◆ **AVAILABLE DATA**:
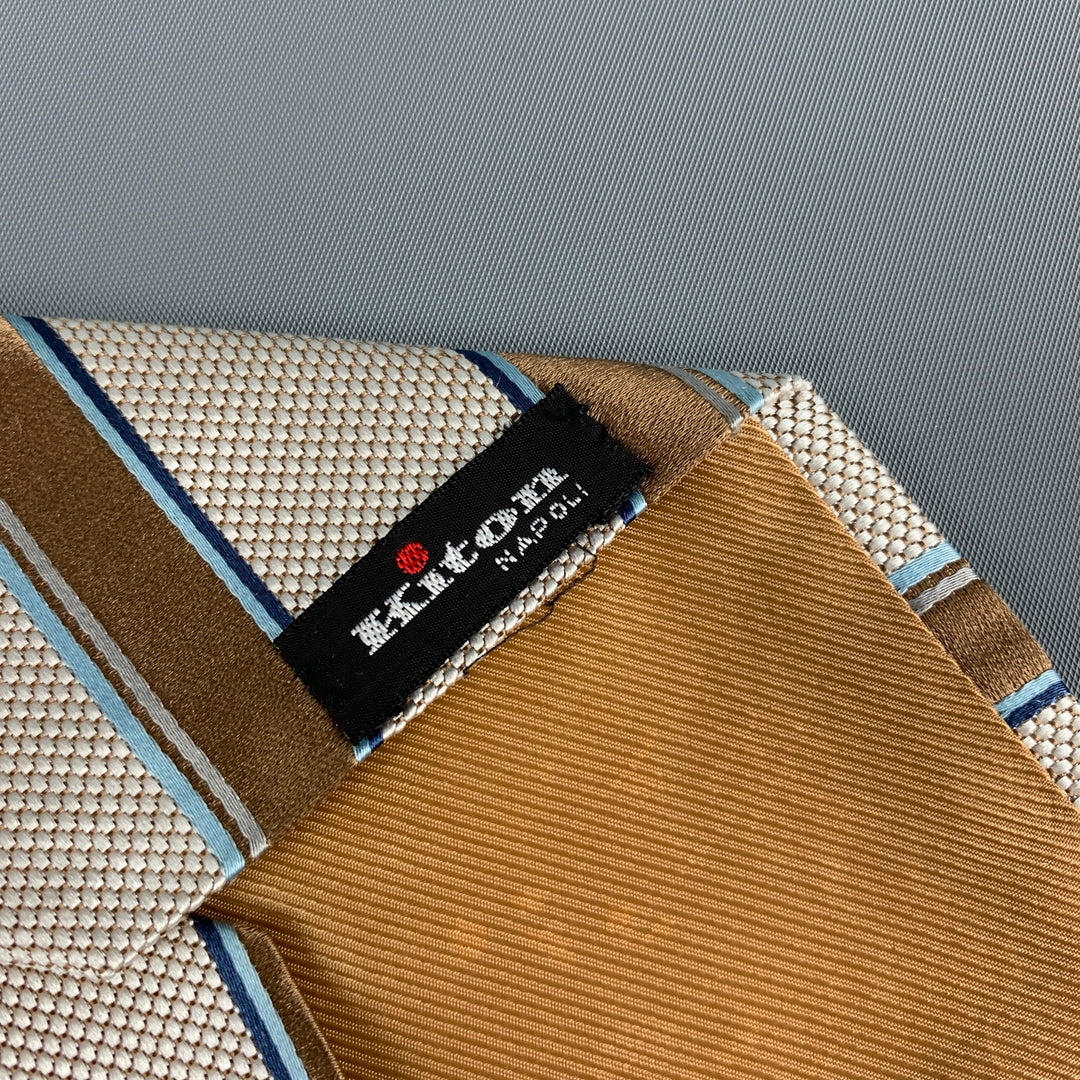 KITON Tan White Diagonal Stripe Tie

---

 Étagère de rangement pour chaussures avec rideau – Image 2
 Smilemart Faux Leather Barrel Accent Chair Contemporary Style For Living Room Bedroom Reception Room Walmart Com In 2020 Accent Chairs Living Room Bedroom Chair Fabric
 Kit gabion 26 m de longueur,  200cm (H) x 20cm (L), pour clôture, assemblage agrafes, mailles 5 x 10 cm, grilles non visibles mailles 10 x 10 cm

◆ **THE TASK**: Each line in the data that holds the string "pour" should be found and copied.

◆ **REPLY TO THE EXERCISE**:
 Étagère de rangement pour chaussures avec rideau – Image 2
 Kit gabion 26 m de longueur,  200cm (H) x 20cm (L), pour clôture, assemblage agrafes, mailles 5 x 10 cm, grilles non visibles mailles 10 x 10 cm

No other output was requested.